January 26, 2018 at 2:21 pm

Hundreds of Palestinians protest for the release of Palestinian prisoners in Israeli jails in Bethlehem, West Bank on 17 April 2017 [Mamoun Wazwaz/Anadolu Agency]

The Council of Europe has called upon the Palestinian Authority to halt the payments it distributes to the families of Palestinian prisoners and those who have been killed by Israeli forces, the Jerusalem Post has reported. The Israeli narrative swayed the council during its parliamentary session, prompting it to make the demand for the first time as part of a broader call for a resolution on the Israel-Palestine conflict.

“After a persistent effort we succeeded for the first time to include in the final report [resolution] a clear call to stop support for terrorists [sic] and their families,” said Yesh Atid MK Aliza Lavie, who addressed the council in Strasbourg.
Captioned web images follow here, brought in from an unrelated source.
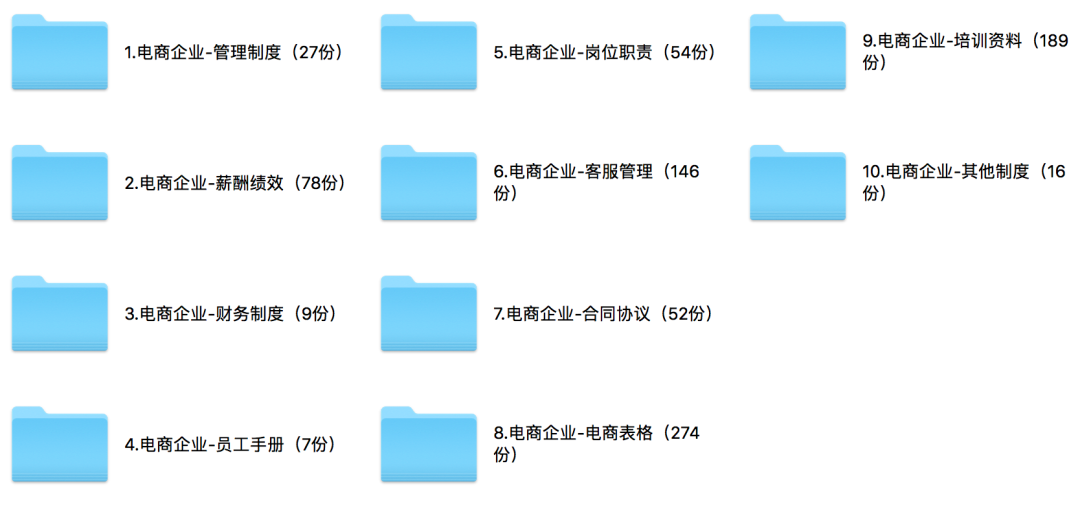 850份 电商运营_实操手册全套（含数据分析/日常运营/采购物流/绩效管理/客服话术/推广计划/员工手册…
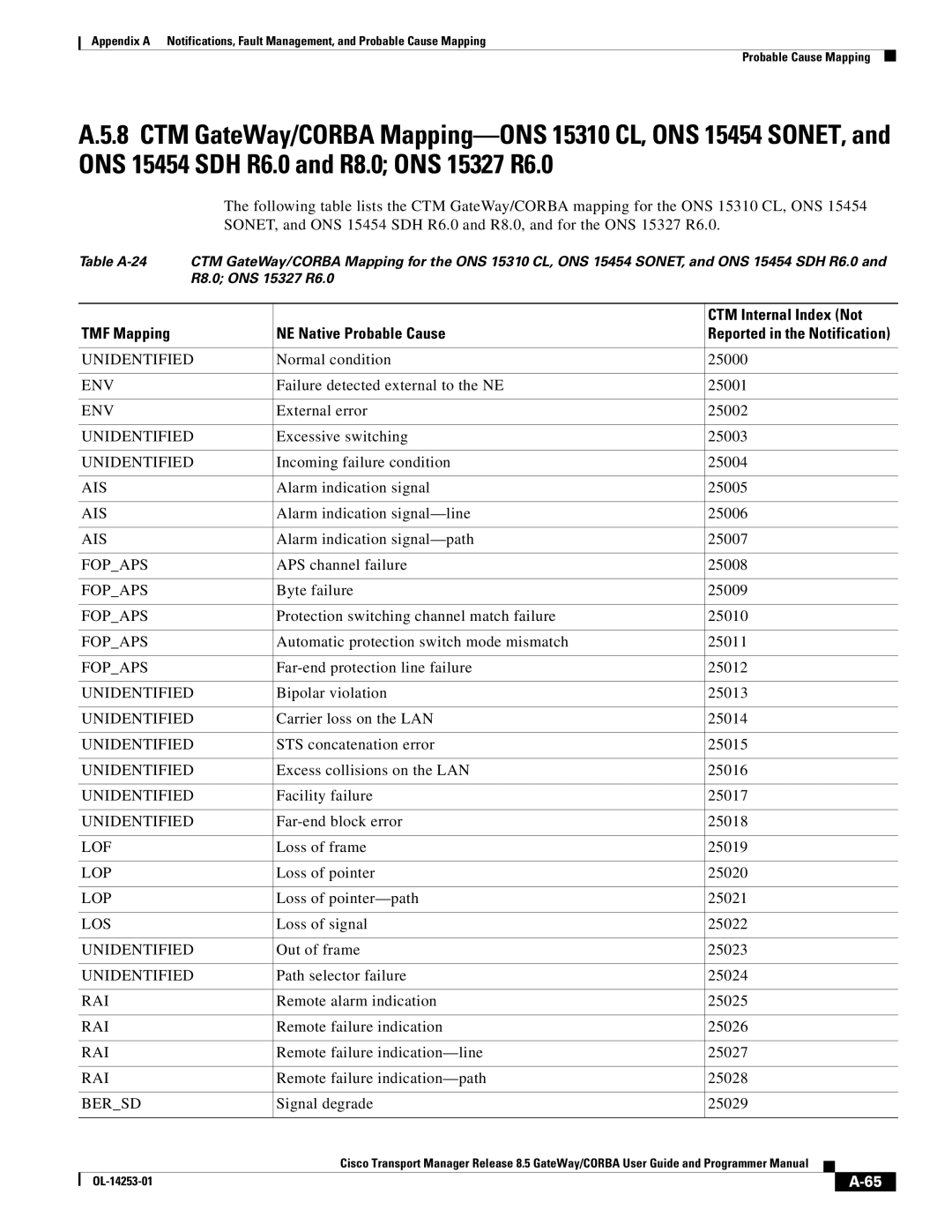 Cisco Systems OL-14253-01 appendix Env 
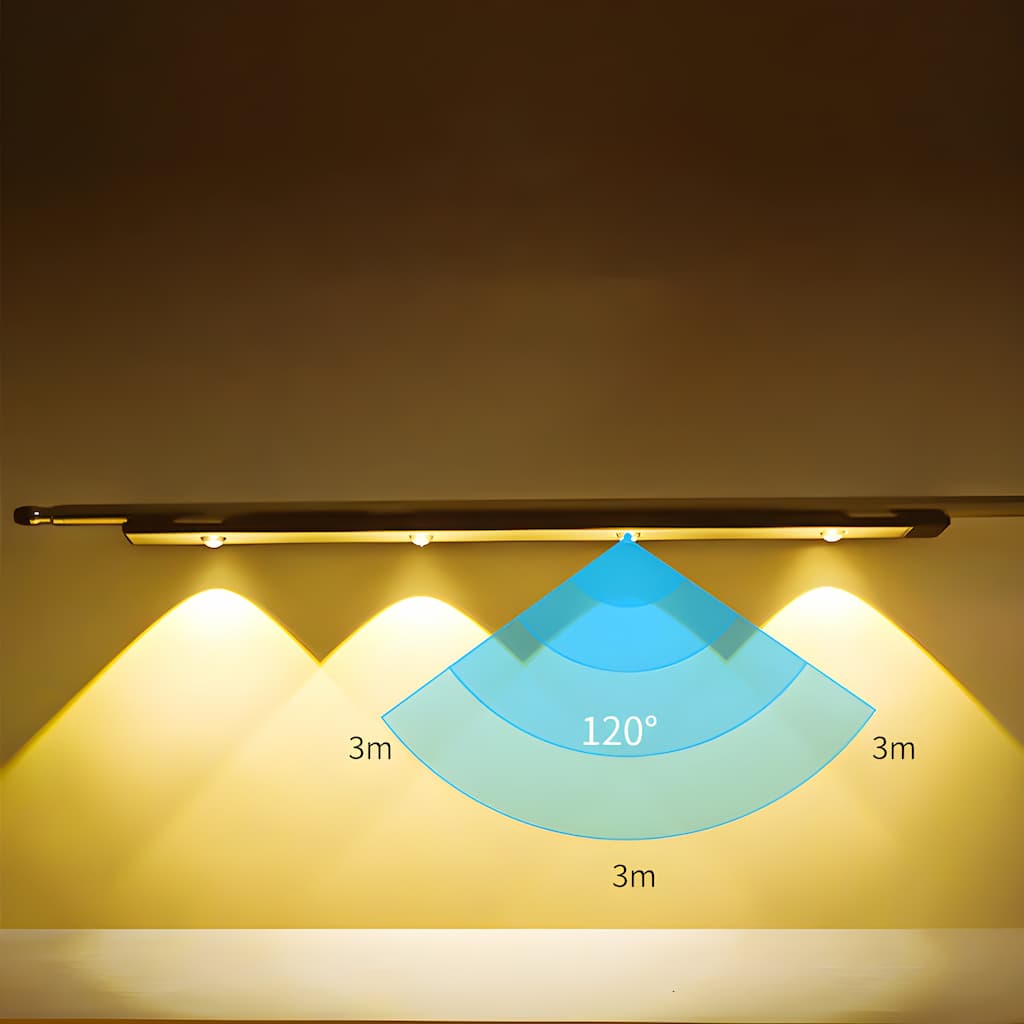 Wireless Smart LED Fixture | Motion-Activated Lighting and Easy Installation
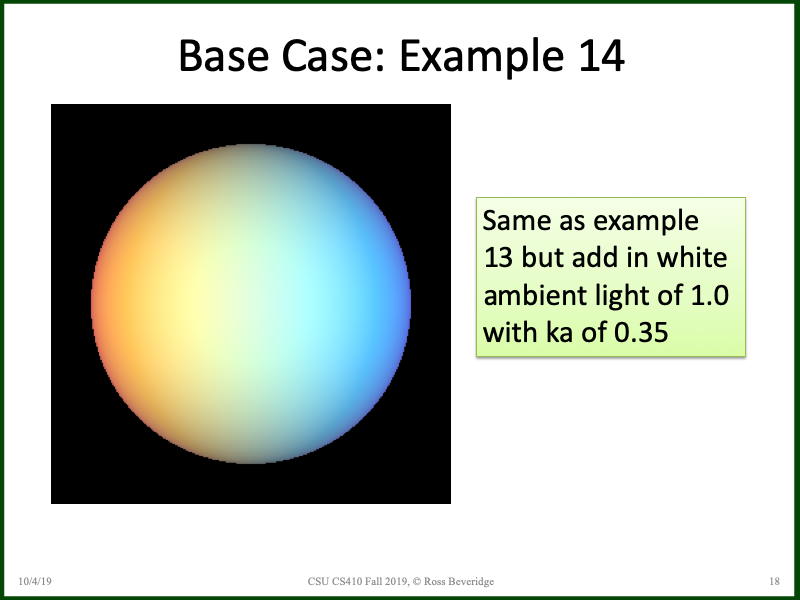 PowerPoint Slide 18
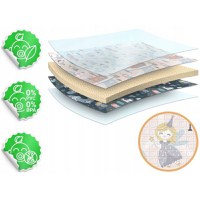 Covoras de joaca pentru copii cu doua fete Nukido Castelul printesei Gri 200x150x1cm,pliabil,realizat din spuma XPE inodora,in cutie de carton ce se poate colora - 7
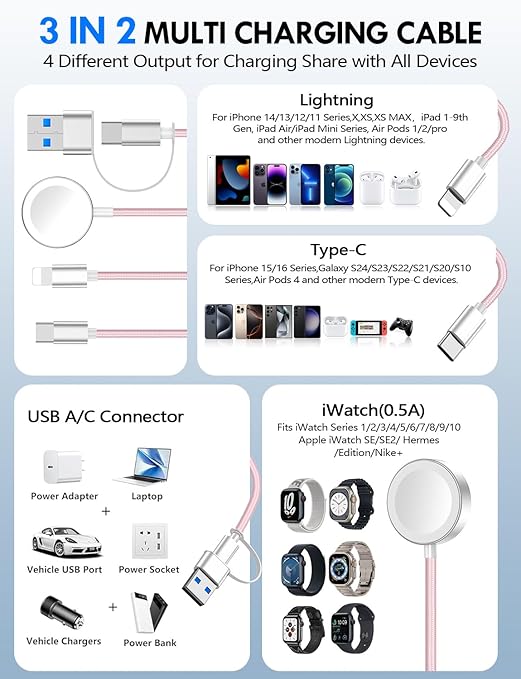2Pack Multi Charging Cable Cord for Travel Essentials,Apple Watch Charger,iPhone Charger,[3-in-2] Type C/L Cable Portable Designed for iWatch,iPhone 17-8,Galaxy S26-21,AirPods,iPad-4FT Pink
The rest of the session addressed the US recognition of Jerusalem as the capital of Israel and reiterated that a two-state solution with East Jerusalem as Palestine’s capital was the only solution to the conflict.

Read: Israel tries to block draft resolution denouncing Trump’s Jerusalem decision

Israel and the US have long berated the PA for providing crucial subsidies to the families of those impacted by the occupation, framing the money as a reward for “terrorists”. In September, the Trump administration announced its backing for a bill that would suspend US aid to the PA until the latter ended payments to prisoners and their families.
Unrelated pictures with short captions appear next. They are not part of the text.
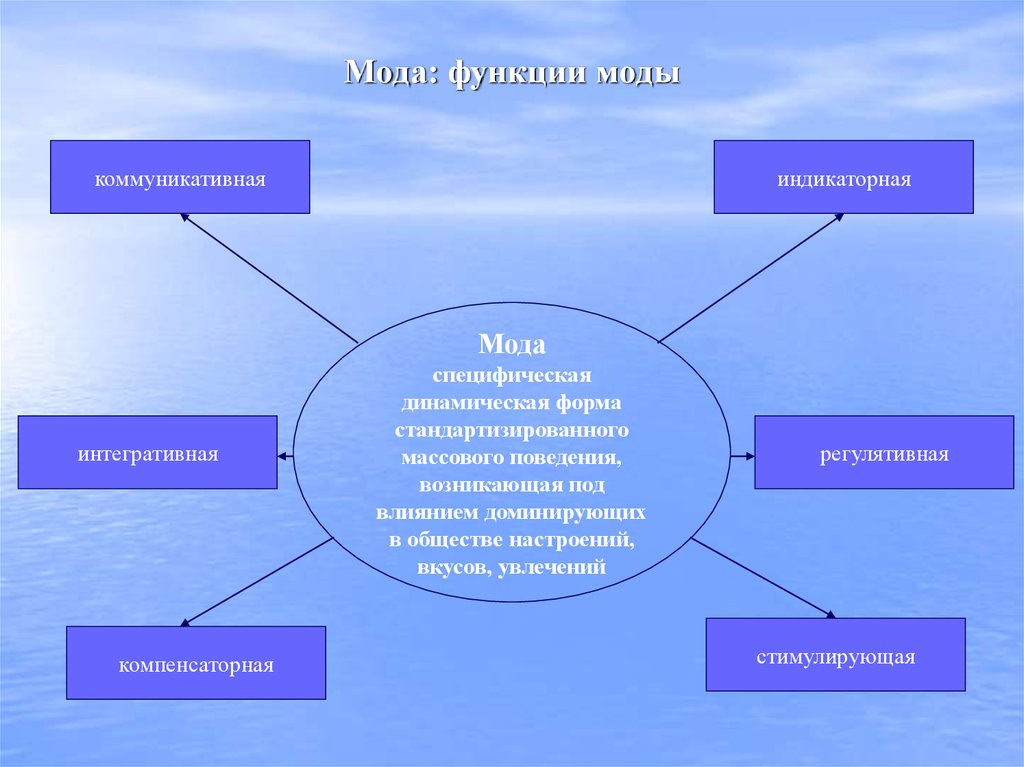 Влияние моды на общество презентация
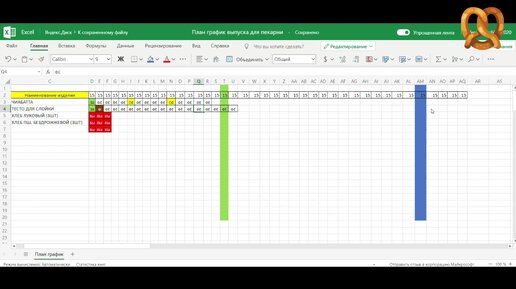 Про план-график выпечки .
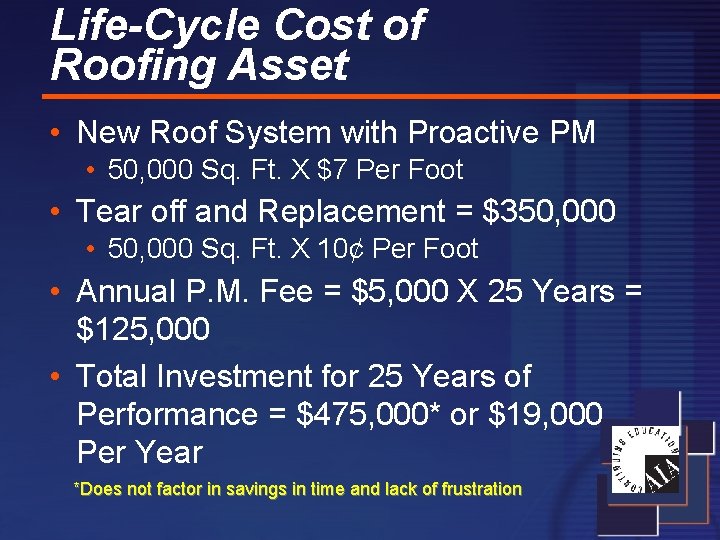 Life-Cycle Cost of Roofing Asset • New Roof System with Proactive PM • 50,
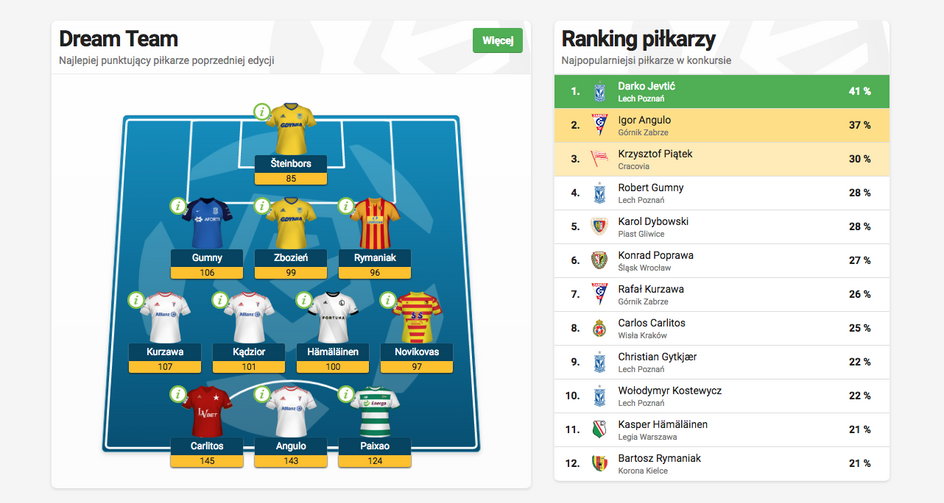 Fantasy Ekstraklasa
“The Trump administration strongly supports the Taylor Force Act, which is a consequence of Palestinian Authority and Palestine Liberation Organisation’s policy of paying terrorists and their families,” the State Department said at the time.

Palestinian officials have said that the payments are support for relatives “who lost their breadwinners to the atrocities of the occupation, the vast majority of whom are unduly arrested or killed by Israel.”

In the aftermath of a resistance attack, the families of the alleged perpetrators often find their homes being demolished, their relatives arrested and their land taken. Amnesty International is one of many human rights groups that have repeatedly condemned such reprisals as a form of “collective punishment”. Consequently, many Palestinians find themselves reliant on the benefits from the PA in order to survive.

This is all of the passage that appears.